Richardson Institute
- Formation: 1959
- Type: Research institute
- Purpose: Researching and educating on the theme of peace studies
- Headquarters: Lancaster University, Bailrigg, Lancaster, LA1 4YL, United Kingdom
- Director: Simon Mabon
- Parent organization: Department of Politics, Philosophy, and Religion
- Website: www.lancaster.ac.uk/fass/centres/richinst

= Richardson Institute =

UK research institute

The Richardson Institute for Peace Studies was the first peace and conflict research centre in the UK and one of the first in the world. It is part of the Department of Politics, Philosophy, and Religion at Lancaster University, where its members publish research, hold lectures and workshops, and run academic outreach programmes.

==History==
The Richardson Institute began as an independent organisation, the Lancaster Peace Research Centre, in the North of England in 1959. The centre was incorporated first into the Politics Department at Lancaster University, and then in 1969 into a branch of the Conflict Research Society at the University of Kent. There the centre was renamed the Richardson Institute for Conflict and Peace Research in honour of the polymath and pacifist Lewis Fry Richardson, and was moved to 158 North Gower St, London, which it shared with the Women’s Research and Resources Centre. During this time the Institute not only published academic papers, but also released an animated film about the nature of human communication in the United States.

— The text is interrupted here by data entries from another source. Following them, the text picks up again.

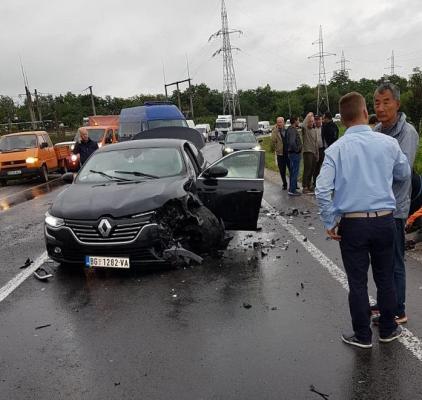 Accident rutier în Braşov. Două persoane au rămas încarcerate în urma impactului violent (Foto)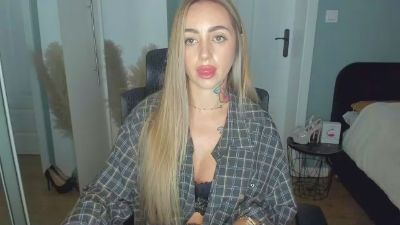Coralie_Classy live cam on Cam4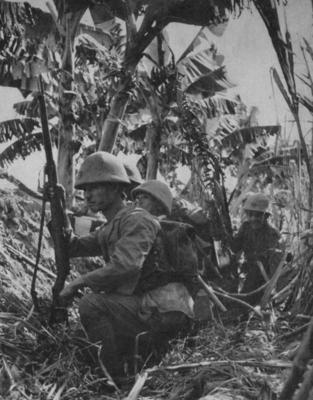 Японские морские пехотинцы в засаде. Кокода, июль 1942 г.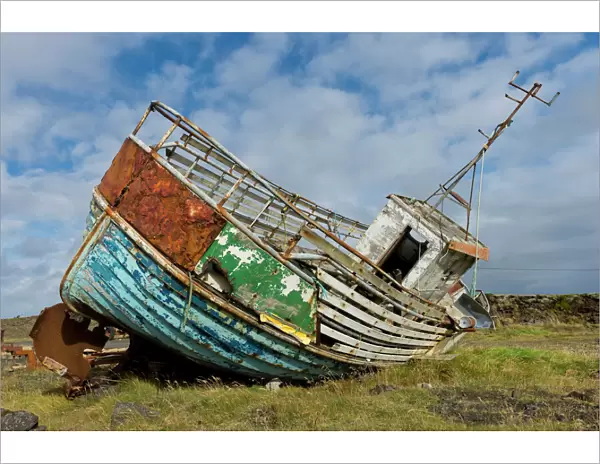 Rusting, decaying old fishing boat, Reykjanesskagi, Southern Peninsula or Reykjanes, Iceland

On 1 October 1978, with funding from the Joseph Rowntree Foundation, the institute returned to Lancaster University as an autonomous body of the Politics Department. There its activities diversified into undergraduate and postgraduate teaching, ultimately leading to the creation of a studentship in 2006. Its early minor course in conflict & peace research proved particularly popular, and the institute became renowned for lecturing in "unashamedly behavioural" models of social science. In 1990 the members of the institute consolidated their work by publishing A Reader in Peace Studies, a basic text that became set reading for many introductory peace studies courses. As a result of this new activity, the institute was given the more general trade name of the Richardson Institute for Peace Studies.

As the institute shared more of the Politics Department’s day-to-day teaching responsibilities, its other activities declined. With funding from the Arts and Humanities Research Council, the institute was re-launched in September 2012. In 2013 it began the Richardson Institute Internship Programme, a year-long, multidisciplinary research placement with such partners as the Institute for Strategic Dialogue and the Ministry of Defence, and in 2016 it opened a course in the political theology of peace as the first in a number of distance learning modules on positive politics. The institute also hosts an annual peace lecture series and runs a film club. Its present aim is to become an international partner of choice for universities and to improve the public understanding of peace. Since 2012 the institute has published on such diverse topics as Indo-Pak relations, sexuality in the Anglican Church, and maritime cyber operations, and the ESRC has rated its research as outstanding.